"One strong aspect of the New Labour project that must be jettisoned is a rather dry economic puritanism which sees work as the solution to every moral and social problem. Clearly, the effective management of the economy is critical and Brown has been brilliant at it.
But a tendency to prioritise the market inverts the principal point of social democracy - to ensure society is the master and that social justice and cohesion are our objectives. Left uncontrolled, the market leads to the growth of inequality and social recession across all classes."
I really couldn't agree more. But the paraphrase contained in the Guardian's headline - "Brown's fightback must be built on a real shift to the left" - doesn't really help matters in my view.
2 comments:
While ever it is couched in such unreconstructed Old Labour terms, this is an arid debate, as I hinted in my two penn'orth on CiF today.
When you pull out these two paragraphs they don't sound unreasonable or unrealistic. But the rhetoric that surrounded them reminded me of nothing more than the left-wing pamphleteers pissing in the wind while Maggie got on with the job.
You can't uninvent the market as the likes of Cruddas, Trickett, Brendan Barber and Polly Toynbee would like. And for all their attachment to fairness, neither would most voters want you too.
It's no good sitting on the sidelines wailing about debt without realising that financial innovation (i.e., credit mechanisms) has been responsible for the economic growth that brought in revenues that allowed Labour to invest.
What Cruddas and Trickett were suggesting (in language that was almost twee - the 'Good Society') was an ill-defined fantasy land construct that gave power and prominence back to groups that have long since ceased to have a widespread authority and on a basis that is no longer relevant to the society we live in.
We are not hermetically sealed from the world outside and it is irresponsible and almost infantile to pretend that the vision they espouse would not have some severe consequences.

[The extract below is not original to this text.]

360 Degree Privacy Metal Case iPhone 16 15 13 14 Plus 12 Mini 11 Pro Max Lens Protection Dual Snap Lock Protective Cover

Markets do need regulating (and regulatory lessons need learning from the current credit crunch), but I see no public clamour for the kind of heavy-handed legislative clampdown that some would like to see. In any case, all that would happen is that the worst 'offenders' would go elsewhere.
You need wealth to be able to re-distribute it, as Brown well knows. Sound disapproval by all means, get the market to explain itself, apply some top-slicing if absolutely necessary. But don't try to find a new vision through the same old spectacles.
What a load of tosh from two losers.